Problem statement> Exact copies of the lines from the one with "Saodimallsu Womens Chunky" through the last line of the entries, and no pictures, make up the answer.

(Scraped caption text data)

---

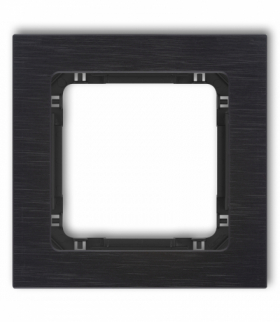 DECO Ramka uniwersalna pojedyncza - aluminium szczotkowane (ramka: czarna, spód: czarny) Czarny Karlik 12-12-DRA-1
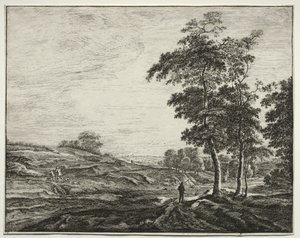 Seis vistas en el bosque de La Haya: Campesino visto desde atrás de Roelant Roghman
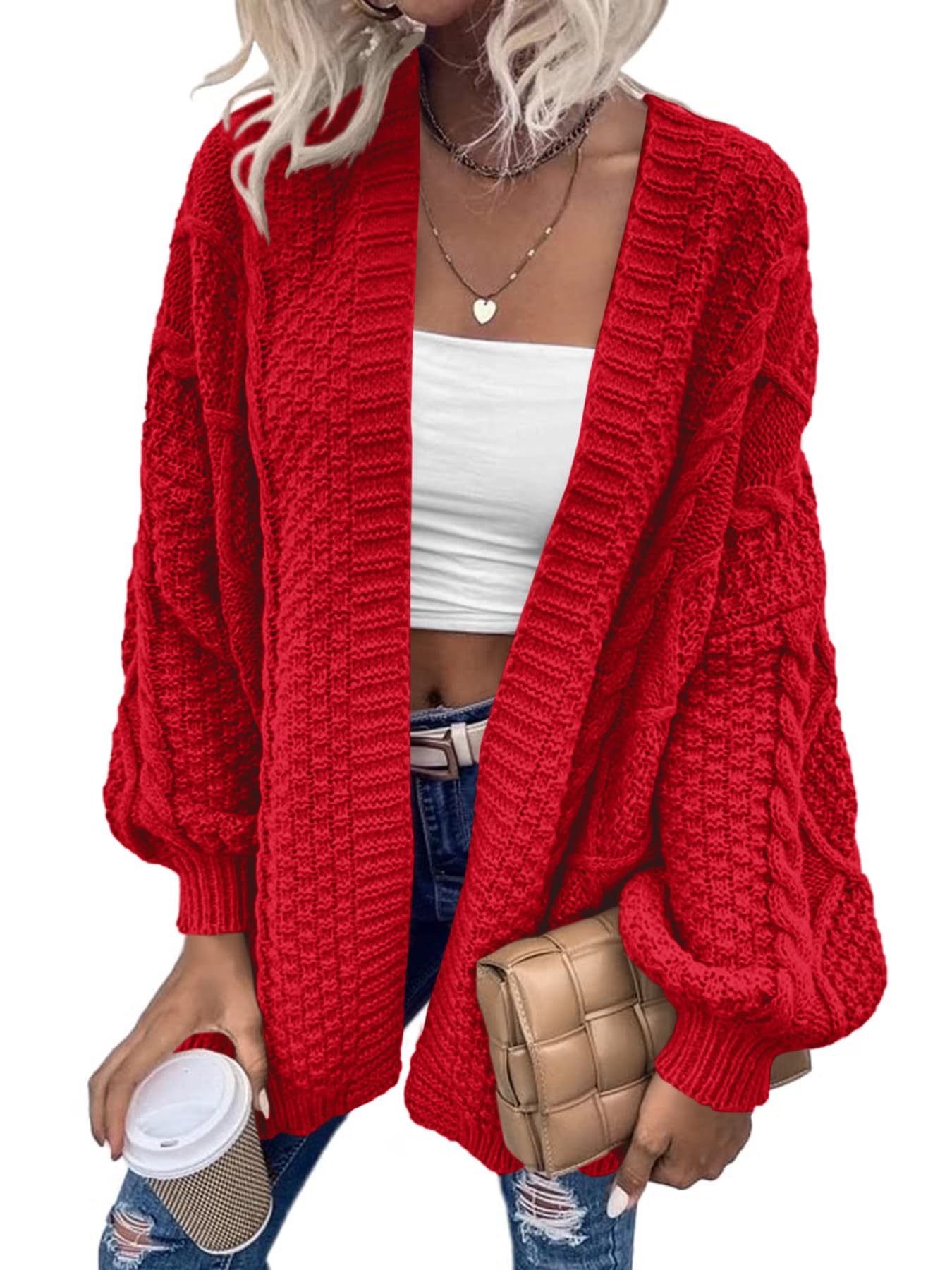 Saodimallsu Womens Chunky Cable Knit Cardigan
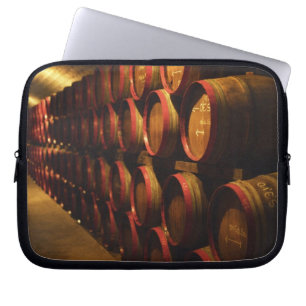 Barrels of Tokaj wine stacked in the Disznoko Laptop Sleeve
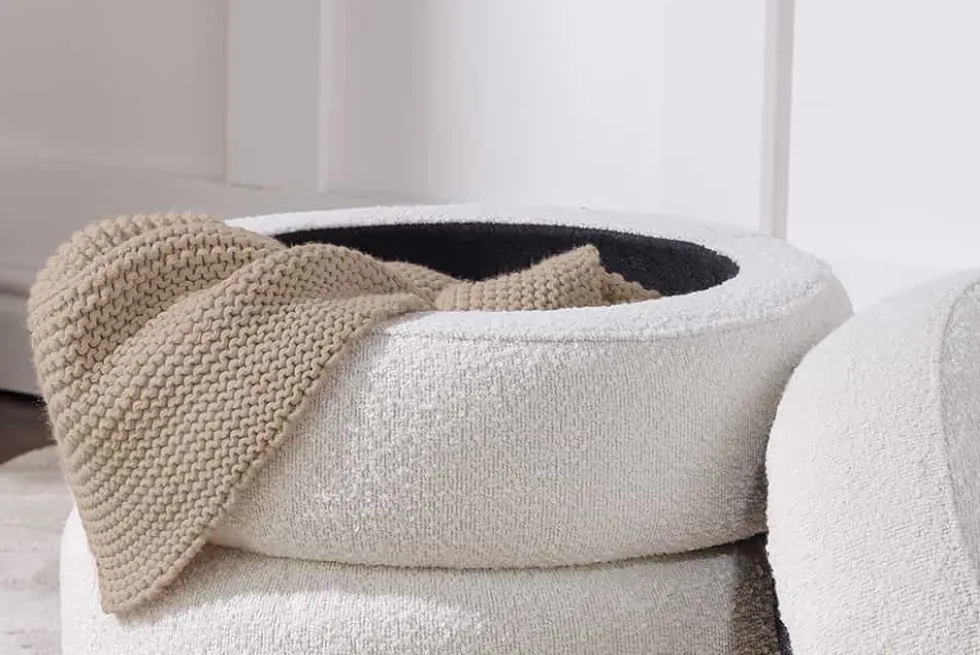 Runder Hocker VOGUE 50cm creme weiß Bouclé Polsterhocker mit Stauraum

---

Answer for the task>
 Saodimallsu Womens Chunky Cable Knit Cardigan
 Barrels of Tokaj wine stacked in the Disznoko Laptop Sleeve
 Runder Hocker VOGUE 50cm creme weiß Bouclé Polsterhocker mit Stauraum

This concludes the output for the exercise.